**Stored items from a collection:**

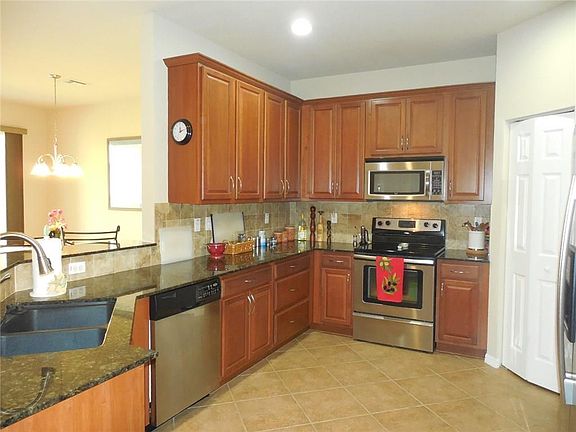 3rd image of 318 Versailles Ln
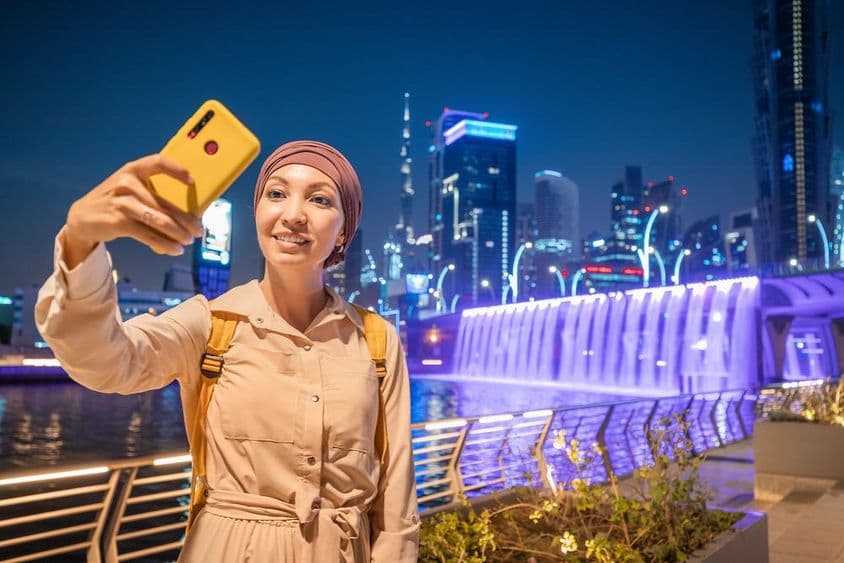 一位女性博主在迪拜市中心自拍。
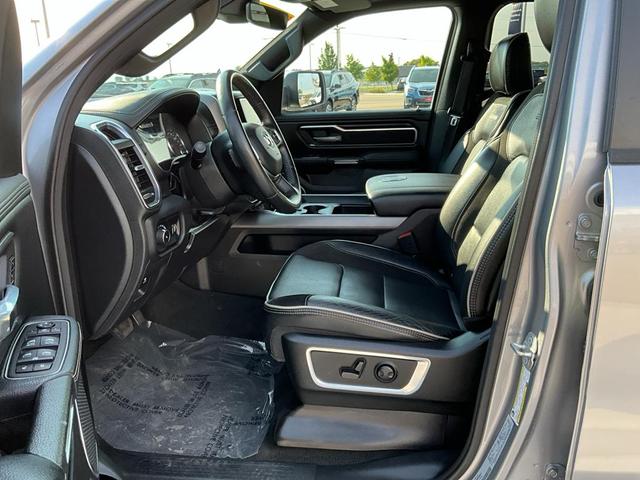 Photo of 2024 Billet Silver Metallic Clearcoat RAM 1500
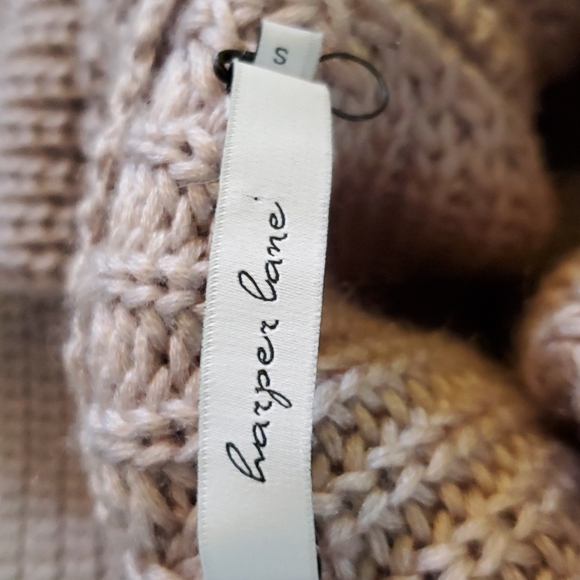 Harper Lane mock turtleneck bell sleeve sweater - Picture 5 of 6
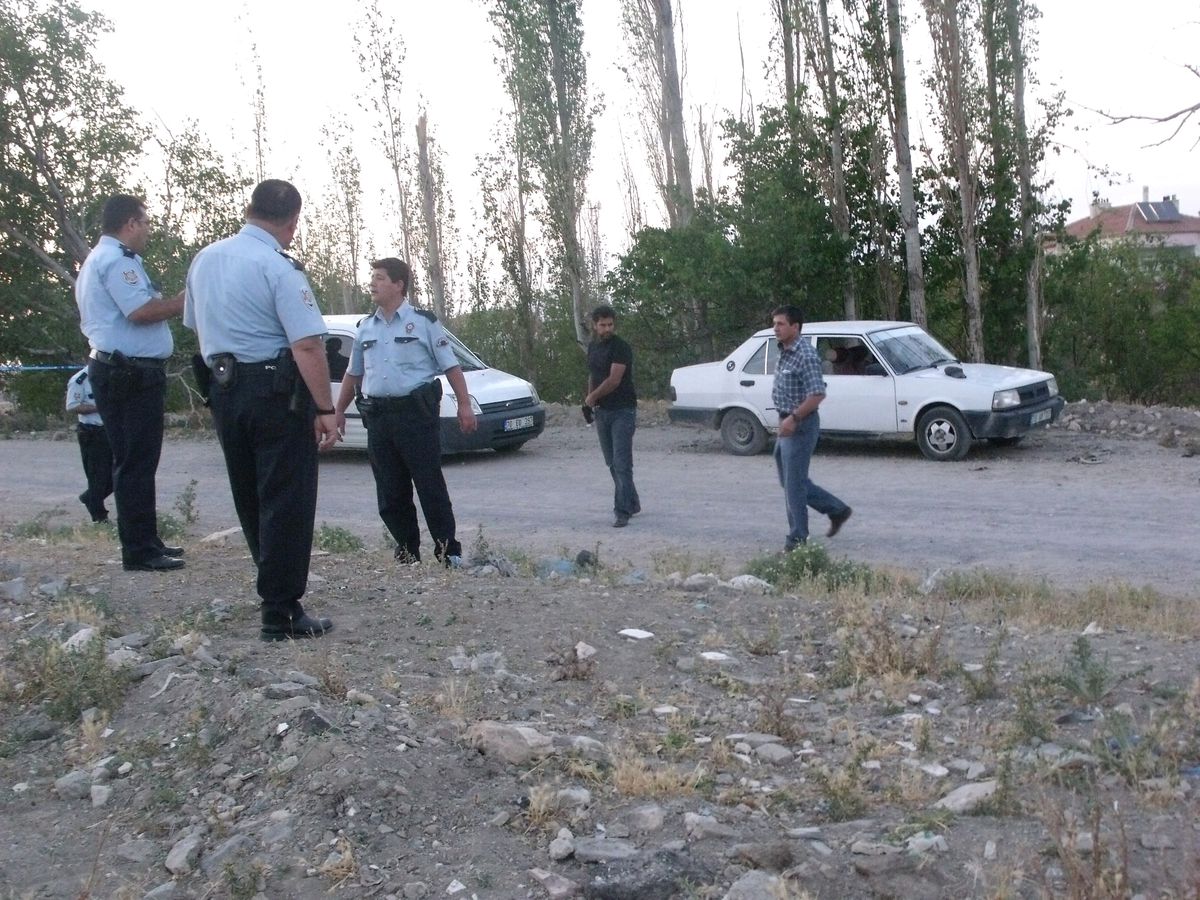 Tabanca ile Kendini Çenesinden Vurdu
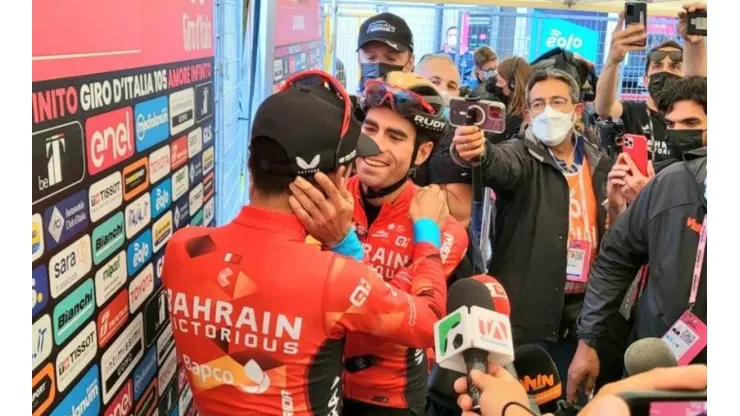 Abrazo para la historia: la felicitación de Mikel Landa a Buitrago por su victoria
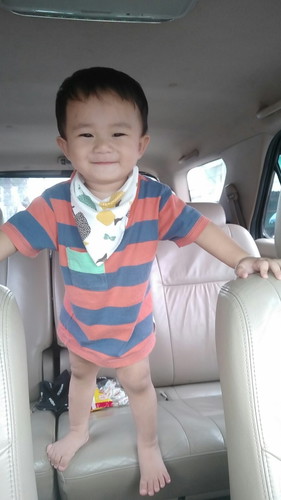 ลูกคนเล็กขวบกับ20วันยังเดินไม่ได้ค่ะควรทำไงค่ะ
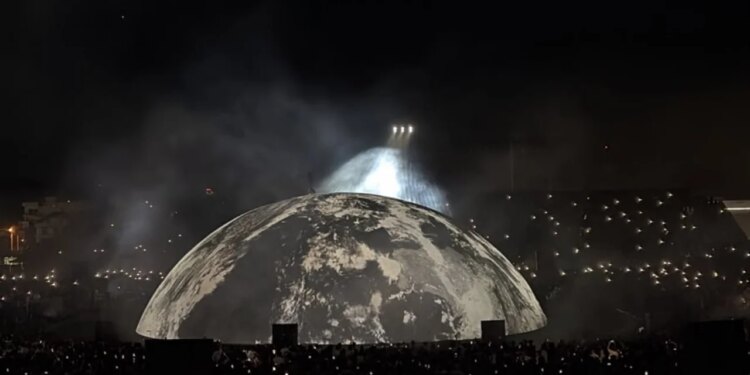 Foto-Lajm/ Kanye West performon këngët e tij, pamje brenda skenës madhështore të koncertit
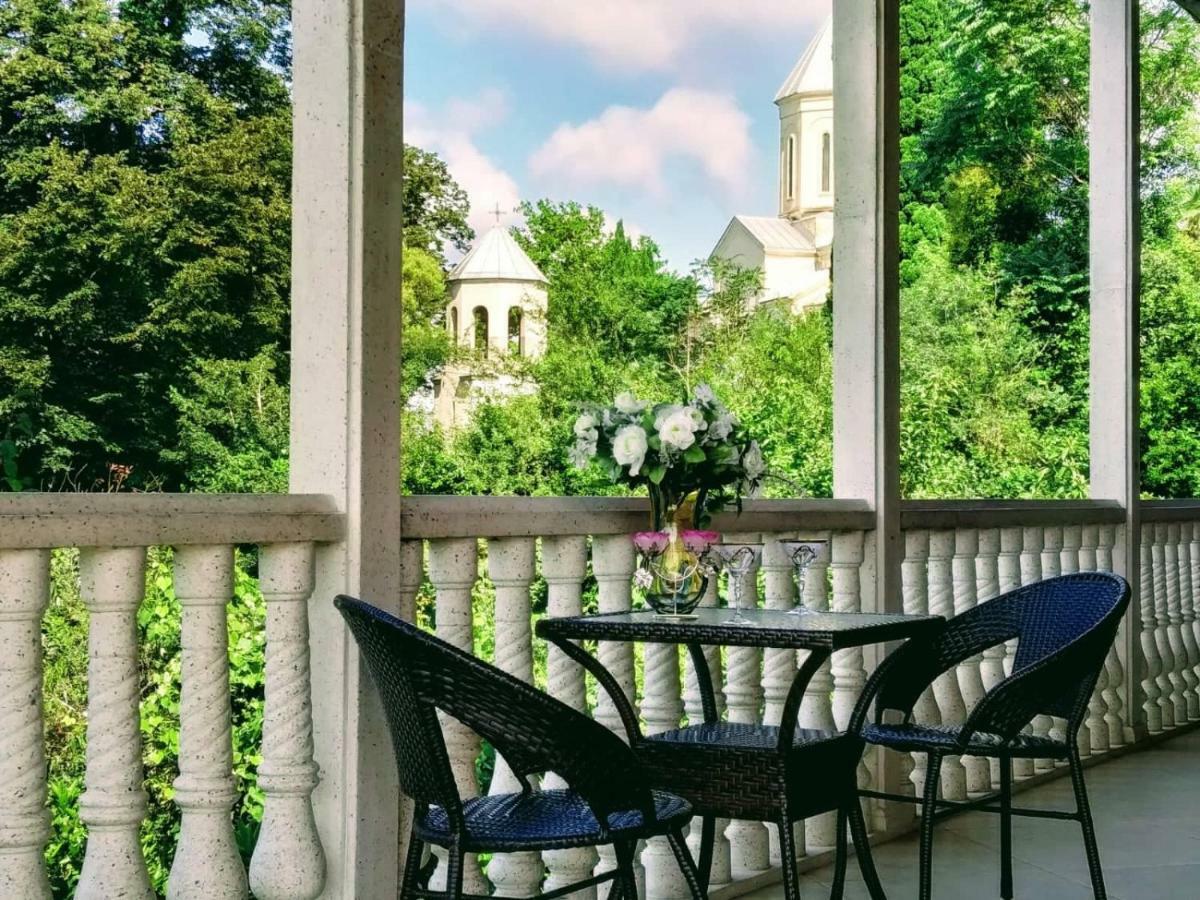 Guest House Ukimerioni Kutaisi Eksteriør billede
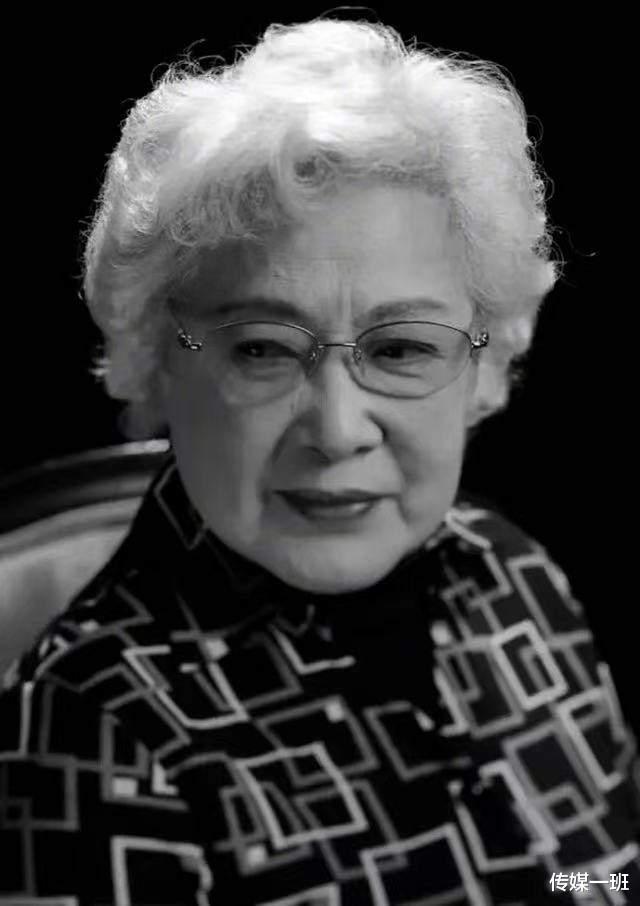 秦怡|人民艺术家秦怡去世，一生坎坷历遍悲欢离合，终来优雅走完100岁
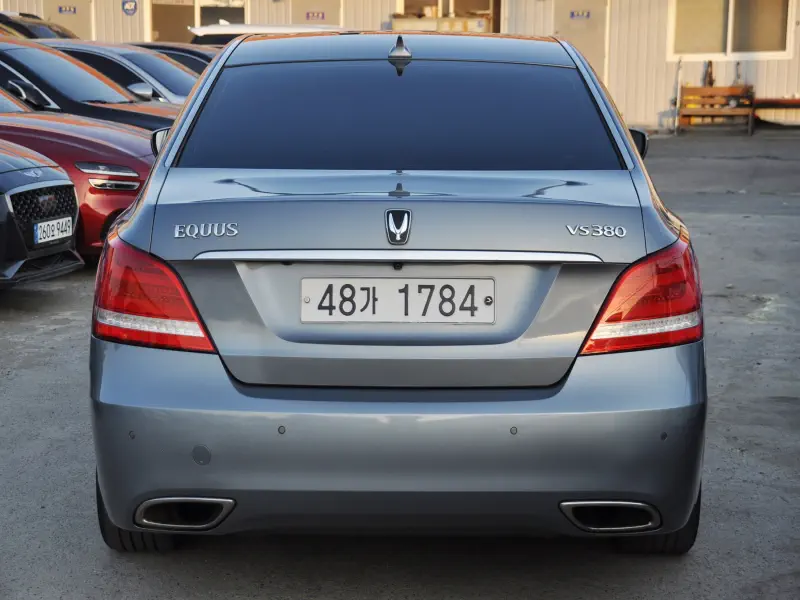 Hyundai Equus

**Work instructions:** Print all data above verbatim, except pictures.

**Solution to this exercise:**
 3rd image of 318 Versailles Ln
 一位女性博主在迪拜市中心自拍。
 Photo of 2024 Billet Silver Metallic Clearcoat RAM 1500
 Harper Lane mock turtleneck bell sleeve sweater - Picture 5 of 6
 Tabanca ile Kendini Çenesinden Vurdu
 Abrazo para la historia: la felicitación de Mikel Landa a Buitrago por su victoria
 ลูกคนเล็กขวบกับ20วันยังเดินไม่ได้ค่ะควรทำไงค่ะ
 Foto-Lajm/ Kanye West performon këngët e tij, pamje brenda skenës madhështore të koncertit
 Guest House Ukimerioni Kutaisi Eksteriør billede
 秦怡|人民艺术家秦怡去世，一生坎坷历遍悲欢离合，终来优雅走完100岁
 Hyundai Equus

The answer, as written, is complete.